Duke Fergerson

No. 89, 19
- Position: Wide receiver

Personal information
- Born: April 21, 1954 (age 72) Boise, Idaho, U.S.
- Listed height: 6 ft 1 in (1.85 m)
- Listed weight: 189 lb (86 kg)

Career information
- High school: Merced (Merced, California)
- College: Washington State San Diego State
- NFL draft: 1976: 3rd round, 73rd overall pick

Career history
- Dallas Cowboys (1976); Seattle Seahawks (1977–1979); Buffalo Bills (1980); Los Angeles Rams (1983)*;
- * Offseason or practice squad member only

Awards and highlights
- All-PCAA (1975); Second-team All-Coast (1975);

Career NFL statistics
- Receptions: 35
- Receiving yards: 543
- Receiving TDs: 2
- Stats at Pro Football Reference

= Duke Fergerson =

American football player (born 1954)

Duke Fergerson (born April 21, 1954) is an American former professional football player who was a wide receiver in the National Football League (NFL) for the Dallas Cowboys, Seattle Seahawks and Buffalo Bills. He played college football for the San Diego State Aztecs and was selected in the third round of the 1976 NFL draft.

==Early life==
Fergerson was raised by his single mother in Merced, California and attended Merced High School where he was a three-sport athlete. As a track runner, he recorded the second fastest low hurdle time in the history of high school track during his senior year.

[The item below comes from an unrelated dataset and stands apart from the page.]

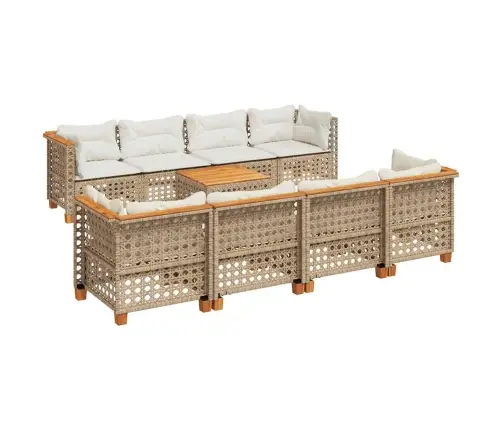 Sodo Komplektas Su Pagalvėlėmis, 9 Dalių, Smėlio, Poliratanas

He was even more successful as a football player, but dyslexia prevented him from earning a student-athlete scholarship. Even though he earned a diploma, his combined SAT score of 580 essentially qualified him as a functional illiterate at graduation.

==College career==
To address his academic deficits, he enrolled at Merced College and made such progress in two years that Stanford, Washington State, UCLA, Duke, and the University of Alabama all offered him full athletic scholarships. He chose Washington State University to play college football and majored in Political Science with a minor in US History.

After his junior year where he had 10 receptions for 123 yards and one touchdown, he transferred to San Diego State University where his brother Nate was a wide receiver and because he felt the passing offense gave him a better chance at a professional career.

As a senior, he caught 57 passes for 886 yards and 4 touchdowns. Finishing as the NCAA's third leading wide receiver in receptions. He was selected to participate in the Senior Bowl, where he scored two touchdowns for the North squad. He also practice track and ran a 9.4 seconds 100-yard dash.

==Professional career==

===Dallas Cowboys===
Fergerson was selected in the third round (73rd overall) of the 1976 NFL draft by the Dallas Cowboys. As a rookie, he tore a tendon in his right ring finger and was placed on the injured reserve list. The next year, he was traded to the Seattle Seahawks in exchange for a second-round draft choice (#54-Glenn Carano).

===Seattle Seahawks===
He started 8 games in 1977, but his career with the Seattle Seahawks was spent playing mostly on special teams. He was released on September 26, 1979.

===Buffalo Bills===
On September 2, 1980, he signed with the Buffalo Bills after a tryout. He scored 2 preseason touchdowns in his first season. He was cut on August 23, 1981.

===Los Angeles Rams===
In 1983, he signed with the Los Angeles Rams and was released on August 29.

==Personal life==
After football, he began working for Farmers Insurance Group. He then moved on to work for Professional Asset Securities, whose primary line of business was to advise and manage excess liquidity for banks, foodservices companies, trusts and pension funds.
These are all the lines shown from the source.